Directions: Please make an exact copy of the lines from the one holding "Annunci di lavoro JobNetwork screenshot-3" through the end of the data, both ends included, with no pictures.

• • • • •

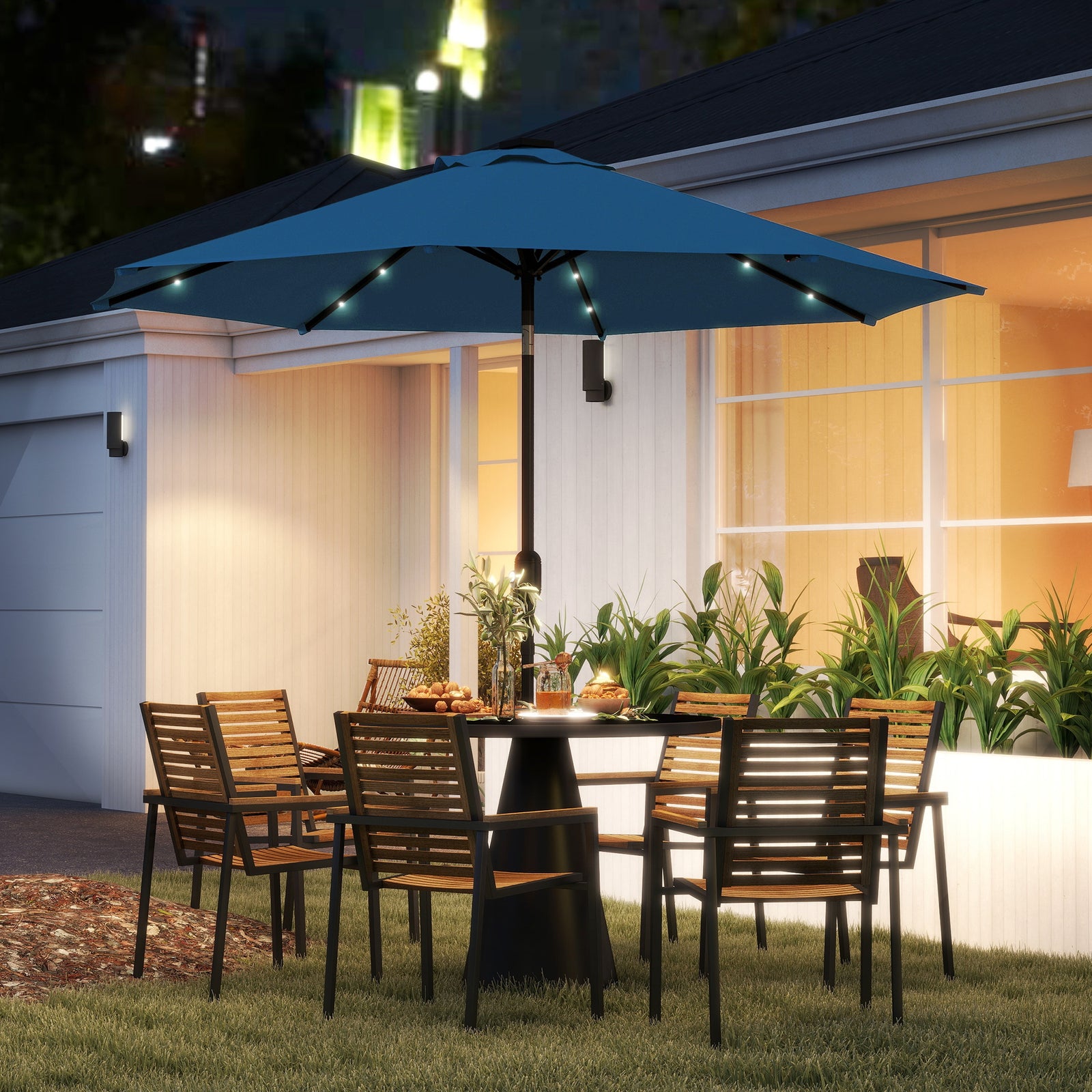 2.7m Patio Garden Umbrella, Outdoor Parasol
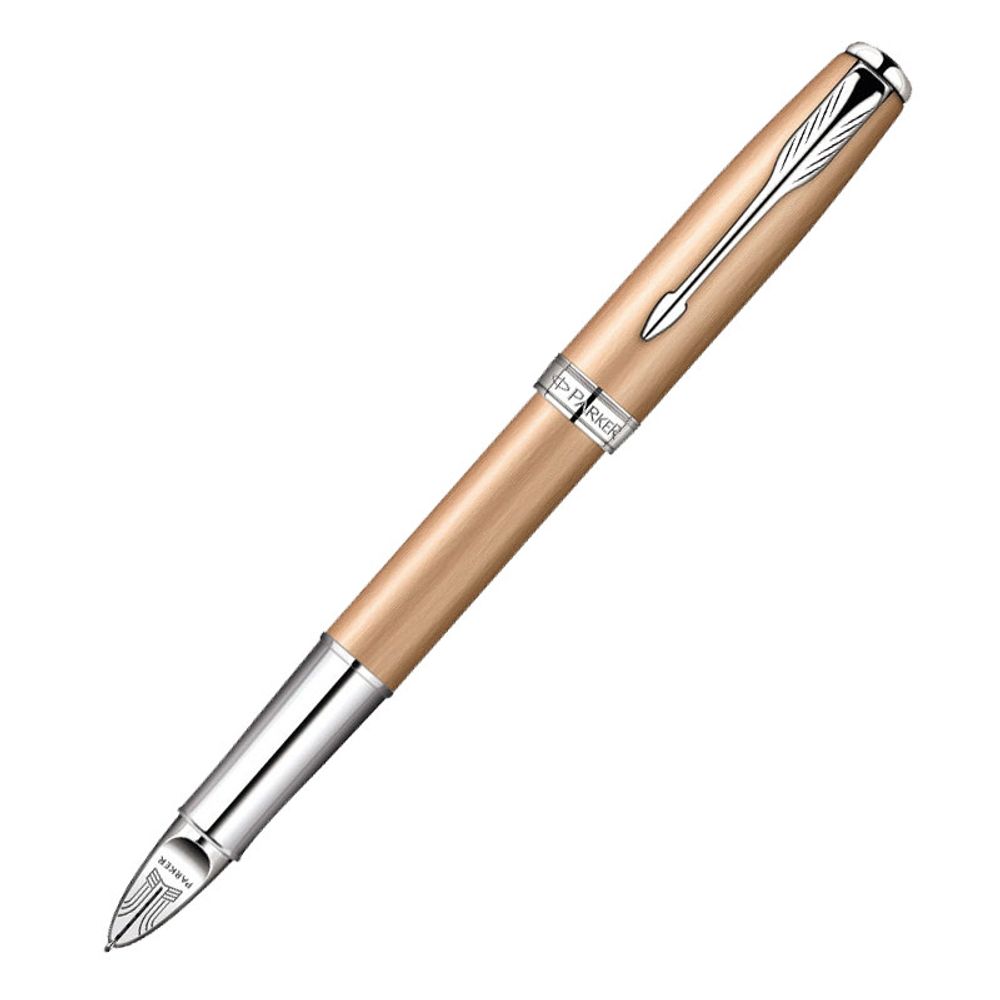 5й пишущий узел Parker Sonnet F540 PREMIUM Pink Gold PVD CT Fblack (S0975970)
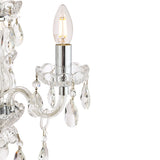 Laura Ashley Harriet 3 Light Crystal & Polished Chrome Chandelier –  from Amos Lighting + Home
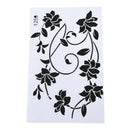 105x30cm Black Art Deco mural Painted PVC wall stickers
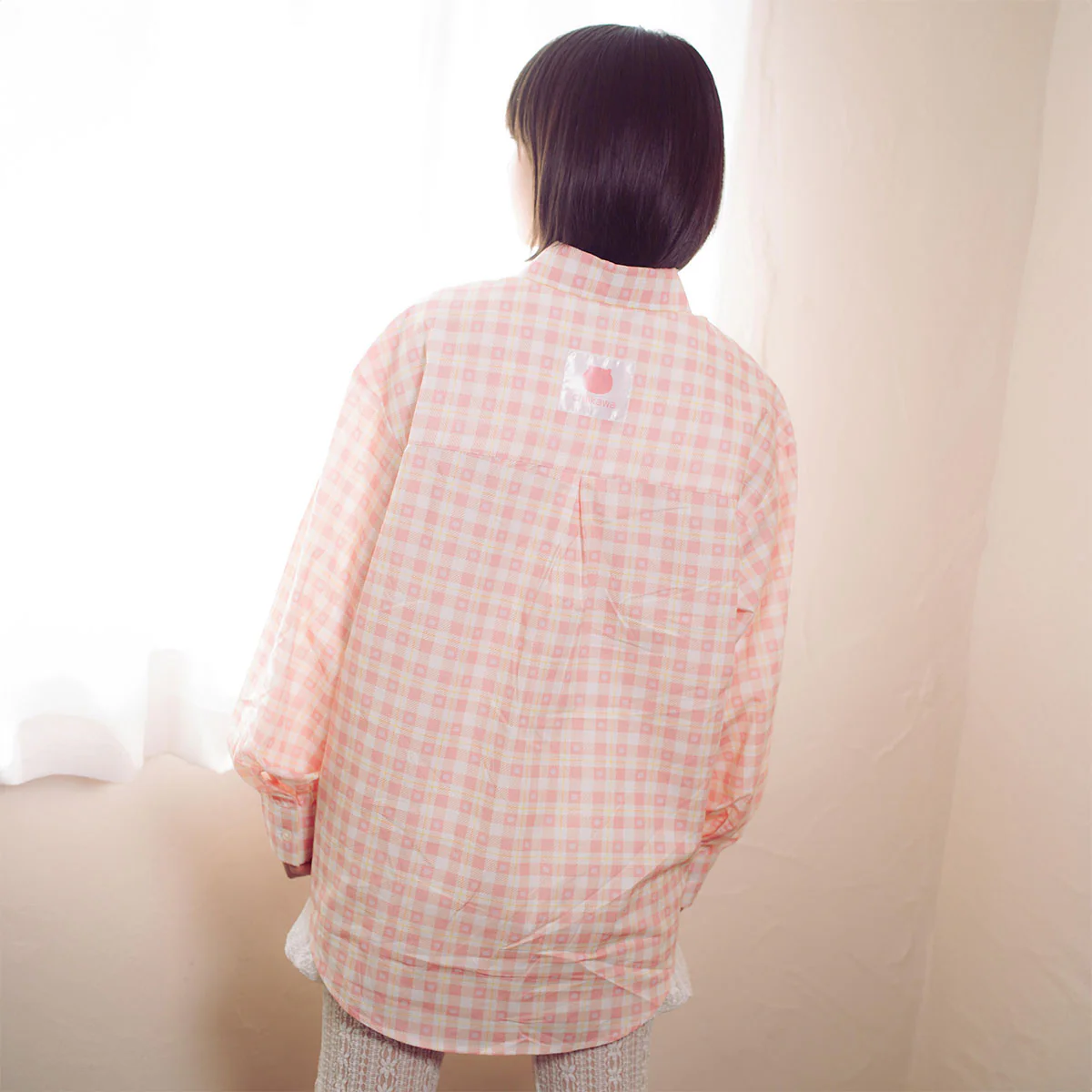 ちいかわ チェックシリーズ シャツ ちいかわ ピンク - Image 3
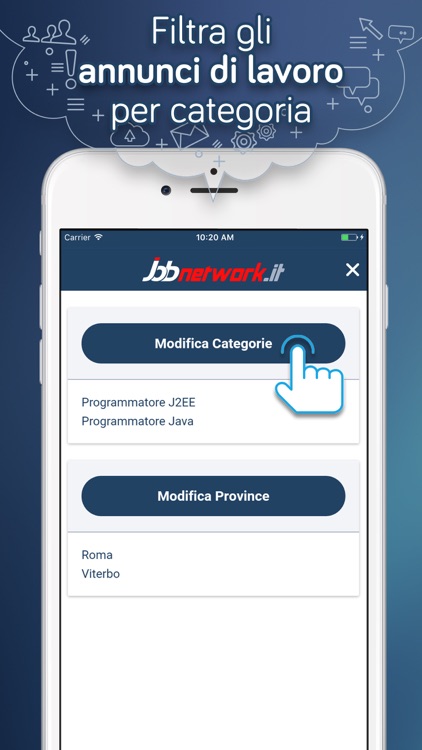 Annunci di lavoro JobNetwork screenshot-3
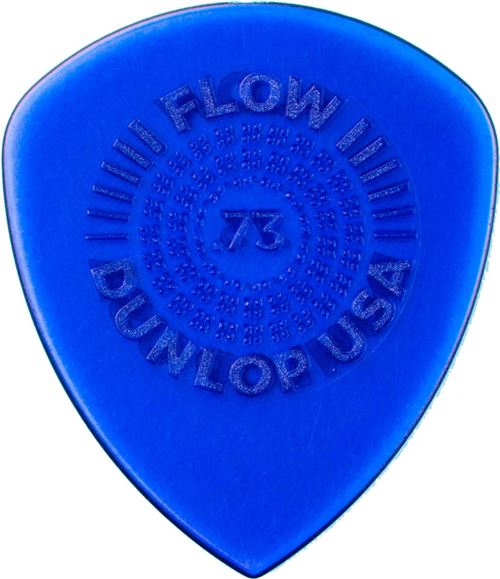 Dunlop 549P073 - 6 médiators Flow Standard Grip - 0.73 mm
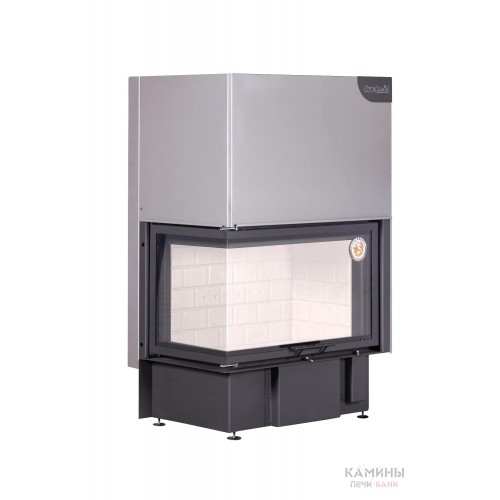 Каминная топка Экокамин ДЕЛЬТА 800 R два стекла правая принтинг Каминная топка Экокамин ДЕЛЬТА 800 R два стекла правая принтинг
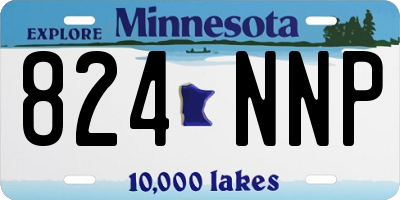 MN license plate 824NNP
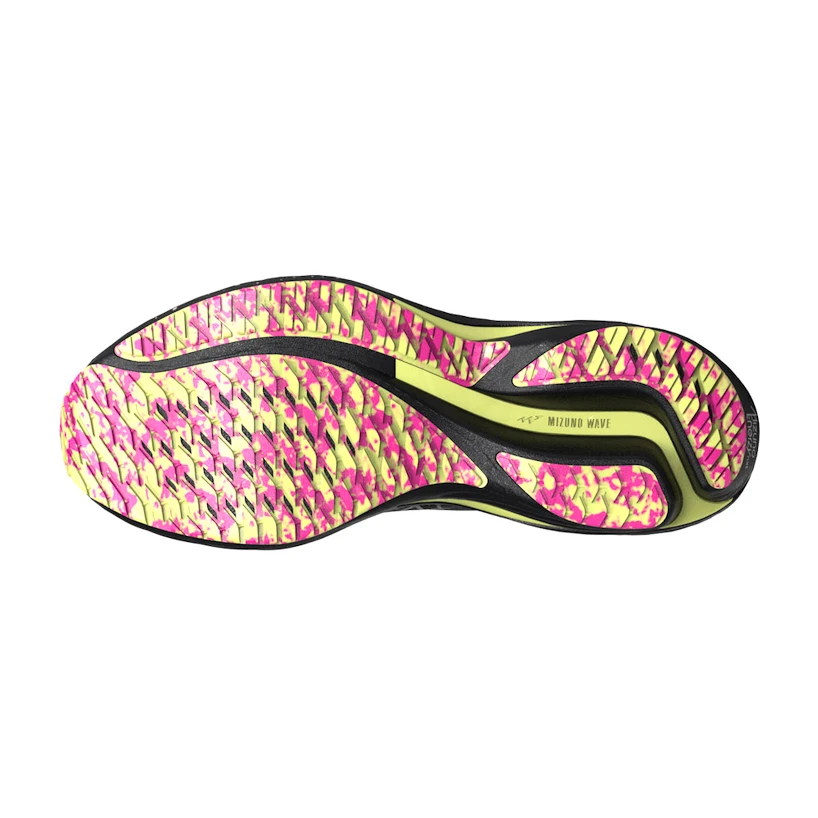Moška tekaška obutev Mizuno 28 Black / Silver / Sunny Lime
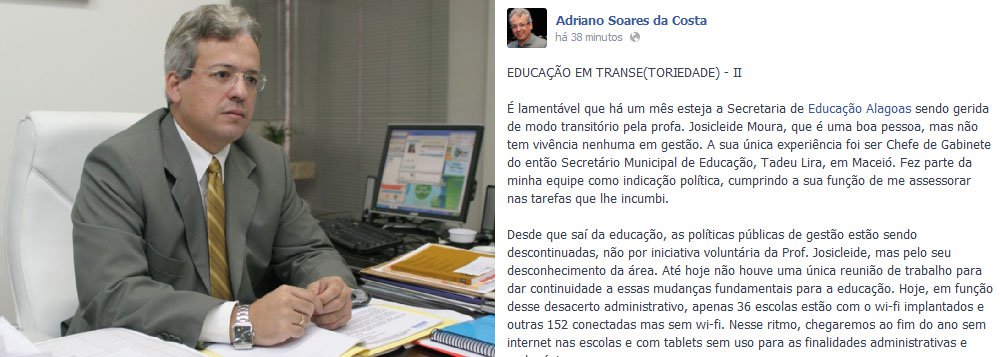 Ex-secretário de Educação critica governador Vilela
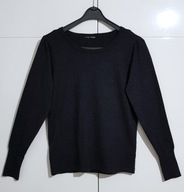 Sweter Z Błyszczącą Brokatową Nitką Czarny |R. S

• • • • •

Answer for the task:
 Annunci di lavoro JobNetwork screenshot-3
 Dunlop 549P073 - 6 médiators Flow Standard Grip - 0.73 mm
 Каминная топка Экокамин ДЕЛЬТА 800 R два стекла правая принтинг Каминная топка Экокамин ДЕЛЬТА 800 R два стекла правая принтинг
 MN license plate 824NNP
Moška tekaška obutev Mizuno 28 Black / Silver / Sunny Lime
 Ex-secretário de Educação critica governador Vilela
 Sweter Z Błyszczącą Brokatową Nitką Czarny |R. S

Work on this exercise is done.